于是在毕业典礼的那天早上,她帮他系领带的时候,他打趣的说了一句,“恭子,你说我们这样像不像妻子早上为丈夫打领带送他去上班的情景?”
正在倒咖啡的妈妈手抖了一下,咖啡洒在桌上,一大片棕黑水渍漫开。
“……”
她朝天翻了个白眼,突然扯着他的领带把他拉下来,直接将唇印了上去。
他清楚听到爸爸手中报纸撕裂的声音。
【他们的未来】
告白。
那天他们仍是一同去学校。没去管呆若木鸡的父母,嗯,自家儿女在他们面前上演接吻,这个刺激的确大了点。
并肩走着,今天的路上出奇的安静。他凝视她的侧脸,轻问道:
“呐,恭子,你那样算是告白么?”
她一抿唇,加快速度前进了几步,才道:“我可什么都没说。”
那音量小得可以忽略不计,而他看见一抹鲜艳的红色正渐渐染红她的耳垂。
他也不急着追上去,保持与她一前一后的两步距离,“恭子,你吻了我,我就是你的人了,你想不负责任?”
“……听你胡扯。”她扑哧笑出来。
“我听说,先告白的人就算输?……你难道是坚持这个么?”
“……我才没告白,那种事应该你先做==”
他轻笑了声,从后拉住她的手,轻轻摇了摇,语气真挚:
“恭子,我们什么时候结婚?”
她猛然回头。不可置信地瞪大了眼睛看他,他静静含笑,等着她回答。
“你居然一下跳掉那么多步!!!”
她忿忿不平的叫出来,他则甚是轻松的笑道:“考虑未来的事不是很正常的吗。
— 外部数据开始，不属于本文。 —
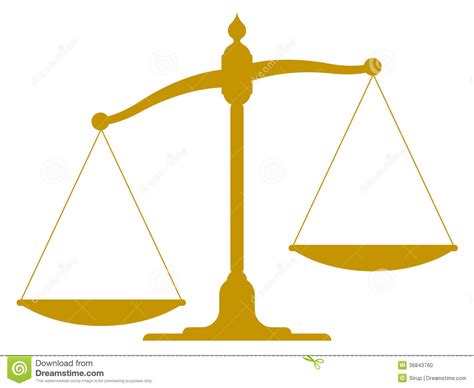 Unbalanced Scale Clipart Clipart Suggest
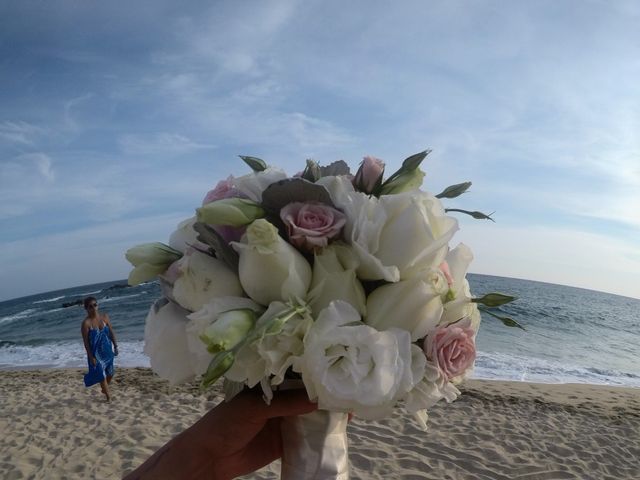 La boda de Eustorgio y Estefania en Puerto Escondido, Oaxaca 30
”
“人心又不可能永远不变。”她状似不满的抱怨。
他握紧她,笑容如常,“那么除了我,你还能嫁谁?”
“……现在没有,不代表以后没有……我还担心你变心咧……”
“恭子,我认定了一样东西,很少会改变决定。”他缓缓说道,“我想和你在一起,共度春夏秋冬,生老病死,现在,未来,相伴一生。”
他凝神注视她,声音很轻的,好像随时会消逝在风中,“恭子,你愿意吗?”
“我还小诶,这么早定下来会错过很多精彩的……”她嘟嘟囔囔的念着,忽然截止话头,深吸一口气,认真凝视他,说。
“我愿意。”
他微笑,拉近她,慢慢吻上她。
【特别番外完】
==其实兄妹比姐弟好写多了……话说,一点穿越的感觉也没有了……
第三卷:五字思,叹笑藏心时 chapter 32 成长的岁月
中东某处——
嘴角斜斜扬起的少年罩在头顶的亚麻布长头巾于风中舞动,被他抱坐在肩头的女孩包裹在这个国家难得一见的品质上乘的纯棉质斗篷中,纯净的大眼与他一同安静注视着这个自她出生以来便司空见惯的景象。
满眼黄沙地与崎岖的岩石,粗犷的风格,日正当空,组合成科斯卡亚仿佛千百万年来亘古不变的空旷风景。